§ TASK: Copy out all of the data below with no alterations.

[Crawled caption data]
******
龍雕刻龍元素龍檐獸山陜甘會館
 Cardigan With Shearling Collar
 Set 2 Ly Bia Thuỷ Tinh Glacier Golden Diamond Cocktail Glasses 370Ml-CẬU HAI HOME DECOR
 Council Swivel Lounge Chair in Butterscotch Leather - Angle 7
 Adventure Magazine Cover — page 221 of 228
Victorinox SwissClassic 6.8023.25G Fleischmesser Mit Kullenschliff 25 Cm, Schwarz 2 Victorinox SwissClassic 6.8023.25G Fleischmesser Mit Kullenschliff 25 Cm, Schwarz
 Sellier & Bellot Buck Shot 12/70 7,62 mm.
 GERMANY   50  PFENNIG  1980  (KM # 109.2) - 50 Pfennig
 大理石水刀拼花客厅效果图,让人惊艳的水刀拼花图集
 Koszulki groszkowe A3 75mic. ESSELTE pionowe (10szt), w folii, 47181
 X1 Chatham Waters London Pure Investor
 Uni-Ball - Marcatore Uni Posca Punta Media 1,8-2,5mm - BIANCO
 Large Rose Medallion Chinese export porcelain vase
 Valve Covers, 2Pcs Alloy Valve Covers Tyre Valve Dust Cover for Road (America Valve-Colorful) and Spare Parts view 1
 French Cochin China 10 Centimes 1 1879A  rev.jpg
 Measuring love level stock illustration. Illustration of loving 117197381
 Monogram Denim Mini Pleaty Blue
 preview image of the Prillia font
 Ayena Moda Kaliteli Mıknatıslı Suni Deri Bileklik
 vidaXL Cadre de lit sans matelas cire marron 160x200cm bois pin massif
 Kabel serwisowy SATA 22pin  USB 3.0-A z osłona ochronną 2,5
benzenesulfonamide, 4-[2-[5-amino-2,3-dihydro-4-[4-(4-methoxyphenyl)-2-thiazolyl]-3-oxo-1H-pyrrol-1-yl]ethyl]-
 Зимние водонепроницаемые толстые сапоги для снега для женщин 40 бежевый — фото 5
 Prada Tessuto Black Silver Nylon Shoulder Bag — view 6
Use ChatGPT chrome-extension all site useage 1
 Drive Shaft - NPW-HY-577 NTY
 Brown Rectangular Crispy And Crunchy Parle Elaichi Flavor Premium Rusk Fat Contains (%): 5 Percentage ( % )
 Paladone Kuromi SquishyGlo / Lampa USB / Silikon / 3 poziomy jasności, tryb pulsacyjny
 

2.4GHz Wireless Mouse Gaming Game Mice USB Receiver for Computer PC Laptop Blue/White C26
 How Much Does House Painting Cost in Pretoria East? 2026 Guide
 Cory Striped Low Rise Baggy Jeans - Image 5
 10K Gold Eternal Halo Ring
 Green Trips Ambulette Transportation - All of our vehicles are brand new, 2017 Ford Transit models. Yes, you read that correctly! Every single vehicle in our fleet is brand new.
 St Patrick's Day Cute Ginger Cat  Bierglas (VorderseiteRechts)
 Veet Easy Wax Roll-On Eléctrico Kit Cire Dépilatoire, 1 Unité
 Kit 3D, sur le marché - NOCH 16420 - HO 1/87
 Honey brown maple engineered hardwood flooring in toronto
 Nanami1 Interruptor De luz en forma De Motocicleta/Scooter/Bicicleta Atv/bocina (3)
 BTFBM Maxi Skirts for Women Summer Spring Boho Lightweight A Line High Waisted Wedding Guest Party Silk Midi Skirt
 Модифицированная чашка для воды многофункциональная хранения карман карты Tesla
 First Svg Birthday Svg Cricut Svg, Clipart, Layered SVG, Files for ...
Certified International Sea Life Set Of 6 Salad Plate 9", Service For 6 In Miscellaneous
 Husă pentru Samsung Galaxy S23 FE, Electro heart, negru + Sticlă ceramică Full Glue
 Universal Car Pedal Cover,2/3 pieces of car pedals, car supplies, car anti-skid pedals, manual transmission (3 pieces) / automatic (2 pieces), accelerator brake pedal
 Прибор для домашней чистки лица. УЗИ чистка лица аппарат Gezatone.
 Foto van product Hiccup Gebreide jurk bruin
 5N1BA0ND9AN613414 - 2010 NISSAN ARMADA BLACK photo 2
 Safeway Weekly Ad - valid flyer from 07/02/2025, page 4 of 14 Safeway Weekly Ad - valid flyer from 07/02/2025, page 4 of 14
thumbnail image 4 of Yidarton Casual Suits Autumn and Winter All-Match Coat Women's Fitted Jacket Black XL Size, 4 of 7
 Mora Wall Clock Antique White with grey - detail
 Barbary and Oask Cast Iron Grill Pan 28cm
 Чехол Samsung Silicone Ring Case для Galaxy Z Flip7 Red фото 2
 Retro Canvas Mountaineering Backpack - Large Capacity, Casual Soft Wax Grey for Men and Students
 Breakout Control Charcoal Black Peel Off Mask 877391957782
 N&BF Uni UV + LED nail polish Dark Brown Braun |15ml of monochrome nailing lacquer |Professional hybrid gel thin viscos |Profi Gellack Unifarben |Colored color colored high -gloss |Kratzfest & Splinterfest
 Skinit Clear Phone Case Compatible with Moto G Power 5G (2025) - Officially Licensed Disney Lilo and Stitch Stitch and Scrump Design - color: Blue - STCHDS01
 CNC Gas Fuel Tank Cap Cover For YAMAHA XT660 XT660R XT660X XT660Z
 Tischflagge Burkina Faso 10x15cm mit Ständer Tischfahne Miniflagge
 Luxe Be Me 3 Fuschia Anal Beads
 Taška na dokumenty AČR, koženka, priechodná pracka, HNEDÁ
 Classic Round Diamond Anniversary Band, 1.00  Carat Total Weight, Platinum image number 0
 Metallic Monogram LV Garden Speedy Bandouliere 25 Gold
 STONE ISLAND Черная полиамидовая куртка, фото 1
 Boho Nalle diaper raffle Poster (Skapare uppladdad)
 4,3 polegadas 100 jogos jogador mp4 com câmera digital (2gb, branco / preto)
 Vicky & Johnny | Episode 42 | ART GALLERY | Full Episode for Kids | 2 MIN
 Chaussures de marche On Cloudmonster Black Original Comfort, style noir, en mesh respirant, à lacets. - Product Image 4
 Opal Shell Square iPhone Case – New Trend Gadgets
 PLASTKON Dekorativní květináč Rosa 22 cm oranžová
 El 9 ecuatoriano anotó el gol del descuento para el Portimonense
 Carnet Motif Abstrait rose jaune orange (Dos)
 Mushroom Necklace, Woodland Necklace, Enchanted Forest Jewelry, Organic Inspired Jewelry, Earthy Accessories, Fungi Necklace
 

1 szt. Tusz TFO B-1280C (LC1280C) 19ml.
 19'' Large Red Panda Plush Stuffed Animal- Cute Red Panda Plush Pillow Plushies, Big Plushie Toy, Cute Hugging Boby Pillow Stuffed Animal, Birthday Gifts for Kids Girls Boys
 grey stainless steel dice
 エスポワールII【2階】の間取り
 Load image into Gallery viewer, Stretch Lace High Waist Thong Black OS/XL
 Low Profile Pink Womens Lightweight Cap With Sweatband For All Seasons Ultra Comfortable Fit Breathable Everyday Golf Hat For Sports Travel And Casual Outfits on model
******
§ REPLY:
龍雕刻龍元素龍檐獸山陜甘會館
 Cardigan With Shearling Collar
 Set 2 Ly Bia Thuỷ Tinh Glacier Golden Diamond Cocktail Glasses 370Ml-CẬU HAI HOME DECOR
 Council Swivel Lounge Chair in Butterscotch Leather - Angle 7
 Adventure Magazine Cover — page 221 of 228
Victorinox SwissClassic 6.8023.25G Fleischmesser Mit Kullenschliff 25 Cm, Schwarz 2 Victorinox SwissClassic 6.8023.25G Fleischmesser Mit Kullenschliff 25 Cm, Schwarz
 Sellier & Bellot Buck Shot 12/70 7,62 mm.
 GERMANY   50  PFENNIG  1980  (KM # 109.2) - 50 Pfennig
 大理石水刀拼花客厅效果图,让人惊艳的水刀拼花图集
 Koszulki groszkowe A3 75mic. ESSELTE pionowe (10szt), w folii, 47181
 X1 Chatham Waters London Pure Investor
 Uni-Ball - Marcatore Uni Posca Punta Media 1,8-2,5mm - BIANCO
 Large Rose Medallion Chinese export porcelain vase
 Valve Covers, 2Pcs Alloy Valve Covers Tyre Valve Dust Cover for Road (America Valve-Colorful) and Spare Parts view 1
 French Cochin China 10 Centimes 1 1879A  rev.jpg
 Measuring love level stock illustration. Illustration of loving 117197381
 Monogram Denim Mini Pleaty Blue
 preview image of the Prillia font
 Ayena Moda Kaliteli Mıknatıslı Suni Deri Bileklik
 vidaXL Cadre de lit sans matelas cire marron 160x200cm bois pin massif
 Kabel serwisowy SATA 22pin  USB 3.0-A z osłona ochronną 2,5
benzenesulfonamide, 4-[2-[5-amino-2,3-dihydro-4-[4-(4-methoxyphenyl)-2-thiazolyl]-3-oxo-1H-pyrrol-1-yl]ethyl]-
 Зимние водонепроницаемые толстые сапоги для снега для женщин 40 бежевый — фото 5
 Prada Tessuto Black Silver Nylon Shoulder Bag — view 6
Use ChatGPT chrome-extension all site useage 1
 Drive Shaft - NPW-HY-577 NTY
 Brown Rectangular Crispy And Crunchy Parle Elaichi Flavor Premium Rusk Fat Contains (%): 5 Percentage ( % )
 Paladone Kuromi SquishyGlo / Lampa USB / Silikon / 3 poziomy jasności, tryb pulsacyjny
 

2.4GHz Wireless Mouse Gaming Game Mice USB Receiver for Computer PC Laptop Blue/White C26
 How Much Does House Painting Cost in Pretoria East? 2026 Guide
 Cory Striped Low Rise Baggy Jeans - Image 5
 10K Gold Eternal Halo Ring
 Green Trips Ambulette Transportation - All of our vehicles are brand new, 2017 Ford Transit models. Yes, you read that correctly! Every single vehicle in our fleet is brand new.
 St Patrick's Day Cute Ginger Cat  Bierglas (VorderseiteRechts)
 Veet Easy Wax Roll-On Eléctrico Kit Cire Dépilatoire, 1 Unité
 Kit 3D, sur le marché - NOCH 16420 - HO 1/87
 Honey brown maple engineered hardwood flooring in toronto
 Nanami1 Interruptor De luz en forma De Motocicleta/Scooter/Bicicleta Atv/bocina (3)
 BTFBM Maxi Skirts for Women Summer Spring Boho Lightweight A Line High Waisted Wedding Guest Party Silk Midi Skirt
 Модифицированная чашка для воды многофункциональная хранения карман карты Tesla
 First Svg Birthday Svg Cricut Svg, Clipart, Layered SVG, Files for ...
Certified International Sea Life Set Of 6 Salad Plate 9", Service For 6 In Miscellaneous
 Husă pentru Samsung Galaxy S23 FE, Electro heart, negru + Sticlă ceramică Full Glue
 Universal Car Pedal Cover,2/3 pieces of car pedals, car supplies, car anti-skid pedals, manual transmission (3 pieces) / automatic (2 pieces), accelerator brake pedal
 Прибор для домашней чистки лица. УЗИ чистка лица аппарат Gezatone.
 Foto van product Hiccup Gebreide jurk bruin
 5N1BA0ND9AN613414 - 2010 NISSAN ARMADA BLACK photo 2
 Safeway Weekly Ad - valid flyer from 07/02/2025, page 4 of 14 Safeway Weekly Ad - valid flyer from 07/02/2025, page 4 of 14
thumbnail image 4 of Yidarton Casual Suits Autumn and Winter All-Match Coat Women's Fitted Jacket Black XL Size, 4 of 7
 Mora Wall Clock Antique White with grey - detail
 Barbary and Oask Cast Iron Grill Pan 28cm
 Чехол Samsung Silicone Ring Case для Galaxy Z Flip7 Red фото 2
 Retro Canvas Mountaineering Backpack - Large Capacity, Casual Soft Wax Grey for Men and Students
 Breakout Control Charcoal Black Peel Off Mask 877391957782
 N&BF Uni UV + LED nail polish Dark Brown Braun |15ml of monochrome nailing lacquer |Professional hybrid gel thin viscos |Profi Gellack Unifarben |Colored color colored high -gloss |Kratzfest & Splinterfest
 Skinit Clear Phone Case Compatible with Moto G Power 5G (2025) - Officially Licensed Disney Lilo and Stitch Stitch and Scrump Design - color: Blue - STCHDS01
 CNC Gas Fuel Tank Cap Cover For YAMAHA XT660 XT660R XT660X XT660Z
 Tischflagge Burkina Faso 10x15cm mit Ständer Tischfahne Miniflagge
 Luxe Be Me 3 Fuschia Anal Beads
 Taška na dokumenty AČR, koženka, priechodná pracka, HNEDÁ
 Classic Round Diamond Anniversary Band, 1.00  Carat Total Weight, Platinum image number 0
 Metallic Monogram LV Garden Speedy Bandouliere 25 Gold
 STONE ISLAND Черная полиамидовая куртка, фото 1
 Boho Nalle diaper raffle Poster (Skapare uppladdad)
 4,3 polegadas 100 jogos jogador mp4 com câmera digital (2gb, branco / preto)
 Vicky & Johnny | Episode 42 | ART GALLERY | Full Episode for Kids | 2 MIN
 Chaussures de marche On Cloudmonster Black Original Comfort, style noir, en mesh respirant, à lacets. - Product Image 4
 Opal Shell Square iPhone Case – New Trend Gadgets
 PLASTKON Dekorativní květináč Rosa 22 cm oranžová
 El 9 ecuatoriano anotó el gol del descuento para el Portimonense
 Carnet Motif Abstrait rose jaune orange (Dos)
 Mushroom Necklace, Woodland Necklace, Enchanted Forest Jewelry, Organic Inspired Jewelry, Earthy Accessories, Fungi Necklace
 

1 szt. Tusz TFO B-1280C (LC1280C) 19ml.
 19'' Large Red Panda Plush Stuffed Animal- Cute Red Panda Plush Pillow Plushies, Big Plushie Toy, Cute Hugging Boby Pillow Stuffed Animal, Birthday Gifts for Kids Girls Boys
 grey stainless steel dice
 エスポワールII【2階】の間取り
 Load image into Gallery viewer, Stretch Lace High Waist Thong Black OS/XL
 Low Profile Pink Womens Lightweight Cap With Sweatband For All Seasons Ultra Comfortable Fit Breathable Everyday Golf Hat For Sports Travel And Casual Outfits on model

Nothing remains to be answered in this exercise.